The idea
Proper survey echosounders cost more than the boat carrying them. But a consumer fish-finder transducer is the same physics — a 200 kHz piezo ping and a clock — wrapped in a bass-fishing UI. Ours outputs NMEA 0183 $SDDPT sentences at 1 Hz. That’s a depth logger.
Bolted under Remora and fused with RTK GPS positions, it produced a genuinely usable depth map of our test bay. Here’s the pipeline, including the three corrections that matter.
Hardware
- Transducer: generic 200/83 kHz dual-frequency unit, €38
- Head unit with NMEA out: second-hand, €22
- Interface: NMEA (RS-422) → ESP32 UART, timestamped and merged into the MAVLink telemetry stream
Mount the transducer ahead of the props, faired, and dead level. Our first mount angled 4° bow-down read 3% deep everywhere and we spent a day blaming the tide tables.
The three corrections
1. Draft offset
The transducer sits 9 cm below the waterline. Every reading is 9 cm short of true depth. Trivial, and forgotten by everyone once.
2. Sound velocity
The sounder assumes 1500 m/s. Our estuary in March: ~1480 m/s (12 °C, brackish). That’s a 1.3% depth error — 13 cm at 10 m. We correct in post using a temperature/salinity → velocity formula (Mackenzie) fed by a €5 DS18B20 on the hull.
3. Tide
The big one. A 3-hour survey here spans up to 1.8 m of tidal change. We reference every ping to the harbour tide gauge (10-min data, interpolated) and reduce all depths to chart datum. Without this step the map is fiction.
Processing
Half a million corrected (x, y, z) points go through a short Python pipeline:
import pandas as pd
from scipy.interpolate import griddata
df = pd.read_parquet("pings_corrected.parquet")
df = df[df.depth.between(0.3, 40)] # gate the junk
df = df[df.quality > 0.6] # sounder confidence
grid = griddata(df[["x", "y"]], df.depth,
(gx, gy), method="linear")
Median-filter the grid (3×3), mask cells with fewer than 5 supporting pings, export GeoTIFF.
How wrong is it?
We crossed our own survey lines and compared depths at 1,240 intersection points: 95% within ±18 cm.
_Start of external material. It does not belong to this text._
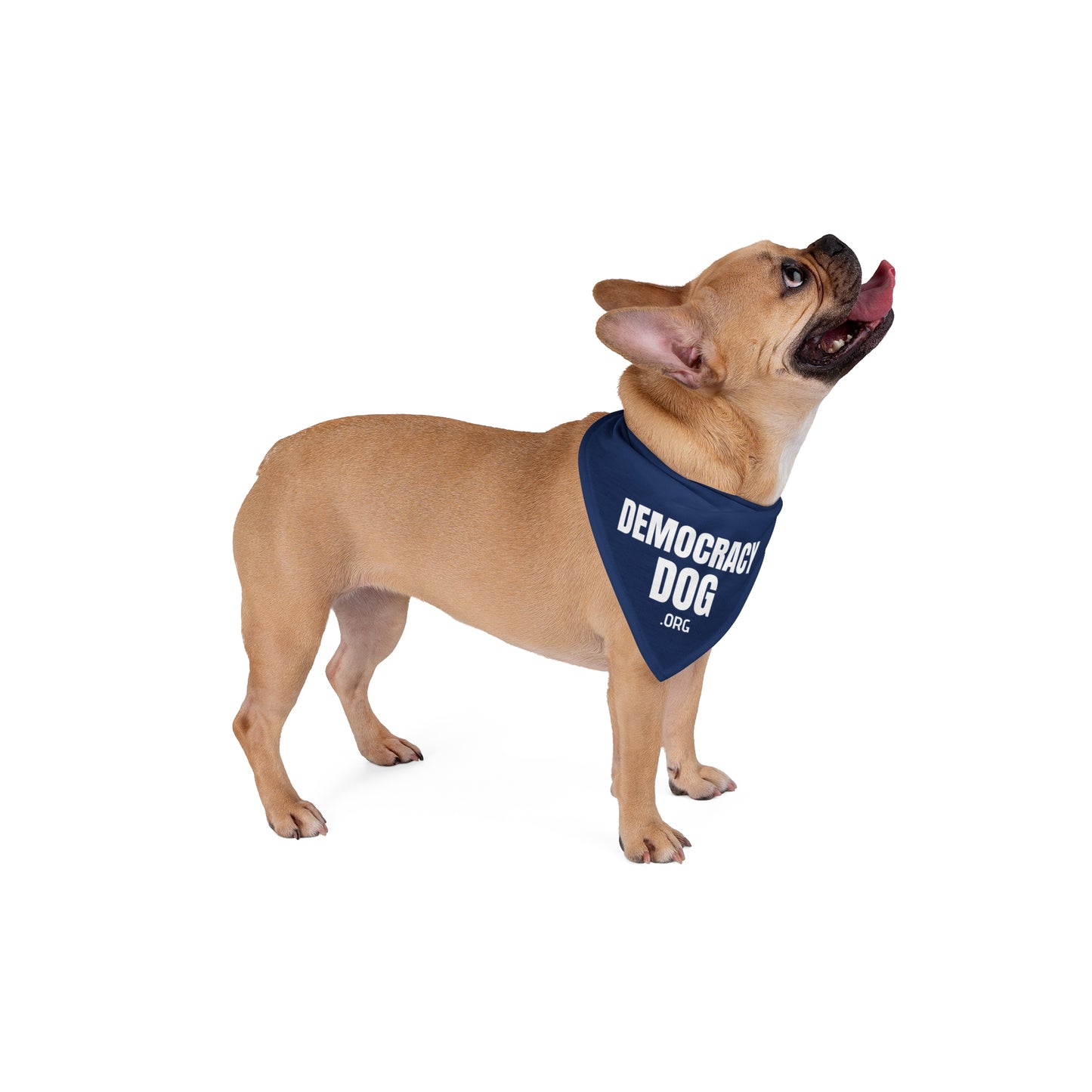 Democracy Dog Pet Bandana — Patriotic Blue Dog Bandana with 'DEMOCRACY DOG' Text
Against the official chart (which is from 1987 in this bay), differences up to 1.2 m — some of which, we suspect, is the chart.
Limits
One beam means no swath: resolution is trackline spacing. Weed beds return false bottoms. And below ~0.8 m the transducer rings and reads garbage, so the interesting shallow edge is exactly where the data ends. A multibeam this is not — but for €60 and an afternoon of soldering, it’s a map.